As for the part where people do not follow the medical plan or even actively sabotage it, which then requires even more resources from the system, I think having a system of deductibles like let's say in Singapore can partially resolve the problem. So the principle is that state pays for your medical bills because it is a prosocial thing to do in order to have healthy population but only up to the point. A level up from that is to involve immediate family so for instance part of the costs will be coming from their savings so that the immediate family (children, spouse, parents) has incentive to pressure that person to do something about themselves or they will be at least partially held accountable.

I've seen a fair amount of online complaints about "I don't want kids, I'm sure I don't want kids, I want to be sterilised but the doctors won't do it because I'm too young and might want kids later, I'm sure I don't want kids".

I think the solution there is to take away the right to sue in case of change of mind: you understood this procedure would make you sterile, you requested it because you wanted to be sterile, you signed the agreement that you understood this, now five years later when you can't get your boyfriend to marry you because he wants kids, you can't come back and sue us for giving you what you wanted.

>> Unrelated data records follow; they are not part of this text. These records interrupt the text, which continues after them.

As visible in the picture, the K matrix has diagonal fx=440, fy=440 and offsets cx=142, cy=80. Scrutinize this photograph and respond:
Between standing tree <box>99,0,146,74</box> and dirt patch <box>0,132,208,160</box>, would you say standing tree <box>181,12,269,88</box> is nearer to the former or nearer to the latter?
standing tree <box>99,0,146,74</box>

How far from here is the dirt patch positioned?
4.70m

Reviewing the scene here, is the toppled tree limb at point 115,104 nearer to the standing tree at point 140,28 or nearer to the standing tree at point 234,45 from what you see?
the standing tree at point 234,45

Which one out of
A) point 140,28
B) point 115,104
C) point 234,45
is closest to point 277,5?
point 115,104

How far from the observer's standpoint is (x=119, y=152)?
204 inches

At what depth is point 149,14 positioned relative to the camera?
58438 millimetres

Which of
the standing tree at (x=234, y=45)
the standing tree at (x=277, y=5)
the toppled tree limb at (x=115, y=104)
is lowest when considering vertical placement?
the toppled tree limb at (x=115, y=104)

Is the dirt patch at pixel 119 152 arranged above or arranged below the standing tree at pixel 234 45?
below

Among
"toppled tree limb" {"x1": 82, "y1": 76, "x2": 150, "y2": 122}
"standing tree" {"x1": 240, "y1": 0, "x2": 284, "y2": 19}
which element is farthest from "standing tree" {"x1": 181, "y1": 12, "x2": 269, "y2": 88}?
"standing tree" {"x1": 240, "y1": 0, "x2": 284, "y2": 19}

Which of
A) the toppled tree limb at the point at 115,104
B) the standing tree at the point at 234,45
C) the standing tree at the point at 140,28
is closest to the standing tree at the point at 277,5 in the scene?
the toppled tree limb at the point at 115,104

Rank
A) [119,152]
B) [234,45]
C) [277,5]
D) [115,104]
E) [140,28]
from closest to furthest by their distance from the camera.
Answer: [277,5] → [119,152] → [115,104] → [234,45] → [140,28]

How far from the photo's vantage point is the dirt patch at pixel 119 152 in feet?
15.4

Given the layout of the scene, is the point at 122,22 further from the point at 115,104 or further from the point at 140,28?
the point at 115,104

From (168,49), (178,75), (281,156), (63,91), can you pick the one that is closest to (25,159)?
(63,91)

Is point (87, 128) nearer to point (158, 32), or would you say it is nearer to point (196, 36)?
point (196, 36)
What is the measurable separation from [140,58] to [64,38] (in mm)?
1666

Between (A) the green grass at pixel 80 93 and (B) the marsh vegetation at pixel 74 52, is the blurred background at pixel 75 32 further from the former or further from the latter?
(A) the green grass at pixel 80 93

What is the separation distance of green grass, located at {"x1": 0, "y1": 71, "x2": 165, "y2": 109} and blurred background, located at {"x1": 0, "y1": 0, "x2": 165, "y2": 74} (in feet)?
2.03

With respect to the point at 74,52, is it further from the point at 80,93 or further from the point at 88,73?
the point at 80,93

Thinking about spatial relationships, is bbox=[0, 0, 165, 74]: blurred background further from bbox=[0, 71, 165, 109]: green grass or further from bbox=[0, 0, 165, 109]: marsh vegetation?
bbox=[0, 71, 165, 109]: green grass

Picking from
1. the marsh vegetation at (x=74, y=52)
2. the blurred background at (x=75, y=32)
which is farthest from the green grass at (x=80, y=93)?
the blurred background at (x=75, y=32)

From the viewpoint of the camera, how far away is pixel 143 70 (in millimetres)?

Also protection around minors: yes, I'm sure your child is a very mature and intelligent 12 year old and is not being pressured by you to go for this procedure, but I'm not doing it until they're 18. Be that anything from plastic surgery to hormones, even with threats of "but my child will commit suicide if you don't do this!"

Do you think physicians have a role in executions? Our stance is for the most part no (because do no harm), but I do think about the Solus principle - "had to be me, someone else might have gotten it wrong."